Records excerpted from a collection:
*** Begin section ***

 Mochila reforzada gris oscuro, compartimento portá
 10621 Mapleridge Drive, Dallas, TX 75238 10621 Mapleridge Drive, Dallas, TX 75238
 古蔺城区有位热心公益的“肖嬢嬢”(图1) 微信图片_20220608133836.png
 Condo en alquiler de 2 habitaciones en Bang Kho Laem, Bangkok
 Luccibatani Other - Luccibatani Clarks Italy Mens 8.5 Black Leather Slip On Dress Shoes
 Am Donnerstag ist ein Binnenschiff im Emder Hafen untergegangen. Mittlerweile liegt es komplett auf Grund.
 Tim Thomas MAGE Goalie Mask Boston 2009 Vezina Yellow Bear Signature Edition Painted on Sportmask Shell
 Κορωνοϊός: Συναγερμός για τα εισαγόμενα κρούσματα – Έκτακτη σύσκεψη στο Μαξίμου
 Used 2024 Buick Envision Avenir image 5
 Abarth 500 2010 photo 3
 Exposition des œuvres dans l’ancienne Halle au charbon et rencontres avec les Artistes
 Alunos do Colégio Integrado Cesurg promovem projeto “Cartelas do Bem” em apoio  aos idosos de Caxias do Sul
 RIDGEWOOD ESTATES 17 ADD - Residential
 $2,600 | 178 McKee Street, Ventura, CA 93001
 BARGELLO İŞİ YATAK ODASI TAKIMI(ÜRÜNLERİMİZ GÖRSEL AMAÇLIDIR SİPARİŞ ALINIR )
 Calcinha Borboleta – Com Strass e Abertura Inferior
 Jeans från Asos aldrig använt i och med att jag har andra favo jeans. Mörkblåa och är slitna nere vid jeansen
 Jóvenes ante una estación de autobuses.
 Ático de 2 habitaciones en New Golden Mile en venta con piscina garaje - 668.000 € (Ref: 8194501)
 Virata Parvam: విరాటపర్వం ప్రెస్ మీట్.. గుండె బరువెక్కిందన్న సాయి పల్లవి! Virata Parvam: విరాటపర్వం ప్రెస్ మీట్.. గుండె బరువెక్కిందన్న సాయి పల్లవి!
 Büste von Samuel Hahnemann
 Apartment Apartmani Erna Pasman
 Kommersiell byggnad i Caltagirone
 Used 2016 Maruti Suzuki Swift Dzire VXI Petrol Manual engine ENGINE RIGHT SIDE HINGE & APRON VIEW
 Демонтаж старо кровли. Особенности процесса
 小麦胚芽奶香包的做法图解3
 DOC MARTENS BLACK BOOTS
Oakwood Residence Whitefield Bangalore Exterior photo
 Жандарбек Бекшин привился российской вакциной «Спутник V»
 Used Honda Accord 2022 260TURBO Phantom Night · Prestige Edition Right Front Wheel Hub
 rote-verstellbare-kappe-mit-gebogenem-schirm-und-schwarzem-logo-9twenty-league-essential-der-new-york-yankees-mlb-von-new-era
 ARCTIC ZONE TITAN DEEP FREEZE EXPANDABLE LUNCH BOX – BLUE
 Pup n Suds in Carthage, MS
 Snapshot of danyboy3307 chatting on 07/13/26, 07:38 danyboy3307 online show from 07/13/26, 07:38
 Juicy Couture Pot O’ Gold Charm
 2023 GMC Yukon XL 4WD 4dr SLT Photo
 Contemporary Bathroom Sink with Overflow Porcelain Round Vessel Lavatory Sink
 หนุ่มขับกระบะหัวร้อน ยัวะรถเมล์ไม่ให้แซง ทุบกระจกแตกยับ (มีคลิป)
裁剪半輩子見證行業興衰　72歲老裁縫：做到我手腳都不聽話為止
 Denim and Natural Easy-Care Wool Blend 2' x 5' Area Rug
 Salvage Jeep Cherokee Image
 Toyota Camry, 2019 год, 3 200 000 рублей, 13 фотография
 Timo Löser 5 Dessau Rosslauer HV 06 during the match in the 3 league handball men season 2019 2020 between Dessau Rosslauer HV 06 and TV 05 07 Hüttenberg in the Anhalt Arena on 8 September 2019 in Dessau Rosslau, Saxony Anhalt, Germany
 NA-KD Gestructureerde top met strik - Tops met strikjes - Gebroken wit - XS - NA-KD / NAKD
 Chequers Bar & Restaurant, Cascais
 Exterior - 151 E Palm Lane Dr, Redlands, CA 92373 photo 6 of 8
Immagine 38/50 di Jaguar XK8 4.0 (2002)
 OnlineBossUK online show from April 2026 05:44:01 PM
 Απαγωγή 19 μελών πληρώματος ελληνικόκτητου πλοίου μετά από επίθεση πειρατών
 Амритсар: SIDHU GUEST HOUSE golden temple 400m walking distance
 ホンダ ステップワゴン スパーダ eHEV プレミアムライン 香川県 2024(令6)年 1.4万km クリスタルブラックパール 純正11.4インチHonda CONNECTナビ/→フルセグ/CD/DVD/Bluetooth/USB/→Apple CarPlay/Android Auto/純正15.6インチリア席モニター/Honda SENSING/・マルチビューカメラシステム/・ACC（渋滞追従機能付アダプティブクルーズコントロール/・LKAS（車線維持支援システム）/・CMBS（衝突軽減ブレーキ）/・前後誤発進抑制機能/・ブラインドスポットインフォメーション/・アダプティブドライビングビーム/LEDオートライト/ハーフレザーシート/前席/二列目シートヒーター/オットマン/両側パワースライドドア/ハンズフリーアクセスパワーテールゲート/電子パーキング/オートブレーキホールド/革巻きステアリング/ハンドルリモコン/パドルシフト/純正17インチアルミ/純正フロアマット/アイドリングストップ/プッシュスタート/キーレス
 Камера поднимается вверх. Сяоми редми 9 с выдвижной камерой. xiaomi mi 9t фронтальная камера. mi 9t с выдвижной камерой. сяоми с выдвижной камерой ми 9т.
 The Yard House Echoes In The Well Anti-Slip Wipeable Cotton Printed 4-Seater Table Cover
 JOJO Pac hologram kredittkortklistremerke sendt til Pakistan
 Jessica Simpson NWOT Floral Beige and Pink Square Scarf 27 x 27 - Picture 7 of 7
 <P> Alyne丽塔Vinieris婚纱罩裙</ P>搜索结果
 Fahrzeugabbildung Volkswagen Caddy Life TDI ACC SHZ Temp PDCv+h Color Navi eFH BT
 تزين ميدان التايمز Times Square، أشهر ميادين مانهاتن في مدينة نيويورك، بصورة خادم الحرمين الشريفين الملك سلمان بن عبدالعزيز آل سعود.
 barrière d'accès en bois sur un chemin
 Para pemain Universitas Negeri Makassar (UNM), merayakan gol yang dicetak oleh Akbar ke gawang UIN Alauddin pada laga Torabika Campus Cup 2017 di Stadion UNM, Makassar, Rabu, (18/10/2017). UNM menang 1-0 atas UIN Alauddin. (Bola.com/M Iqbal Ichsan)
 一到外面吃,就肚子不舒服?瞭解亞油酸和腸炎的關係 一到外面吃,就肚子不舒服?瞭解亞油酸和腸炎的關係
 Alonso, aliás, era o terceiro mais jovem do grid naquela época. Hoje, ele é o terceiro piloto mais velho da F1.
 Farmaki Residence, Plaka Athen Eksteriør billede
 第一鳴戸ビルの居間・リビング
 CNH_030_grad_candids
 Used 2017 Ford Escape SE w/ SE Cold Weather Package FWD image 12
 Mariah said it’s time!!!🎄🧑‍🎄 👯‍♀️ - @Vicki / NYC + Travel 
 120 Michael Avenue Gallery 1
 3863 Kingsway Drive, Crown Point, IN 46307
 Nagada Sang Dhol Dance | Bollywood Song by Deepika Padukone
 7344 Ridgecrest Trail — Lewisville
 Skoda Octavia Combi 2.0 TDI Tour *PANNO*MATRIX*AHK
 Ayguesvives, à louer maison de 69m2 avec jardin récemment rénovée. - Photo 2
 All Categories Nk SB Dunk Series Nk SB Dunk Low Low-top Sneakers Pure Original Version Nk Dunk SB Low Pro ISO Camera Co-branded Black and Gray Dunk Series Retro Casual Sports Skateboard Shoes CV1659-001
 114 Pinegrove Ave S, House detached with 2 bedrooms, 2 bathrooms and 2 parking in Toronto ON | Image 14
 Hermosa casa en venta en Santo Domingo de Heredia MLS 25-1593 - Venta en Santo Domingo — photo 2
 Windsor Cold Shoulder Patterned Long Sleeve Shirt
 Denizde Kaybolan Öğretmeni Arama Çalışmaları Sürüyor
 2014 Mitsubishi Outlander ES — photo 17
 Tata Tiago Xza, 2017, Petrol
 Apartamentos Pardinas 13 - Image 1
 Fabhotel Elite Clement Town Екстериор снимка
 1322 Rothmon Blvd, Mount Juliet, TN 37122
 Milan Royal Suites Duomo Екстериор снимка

*** End section ***

Problem to work on:
All lines that hold the word "Petrol" should be copied from the data.

Response area:
 Used 2016 Maruti Suzuki Swift Dzire VXI Petrol Manual engine ENGINE RIGHT SIDE HINGE & APRON VIEW
 Tata Tiago Xza, 2017, Petrol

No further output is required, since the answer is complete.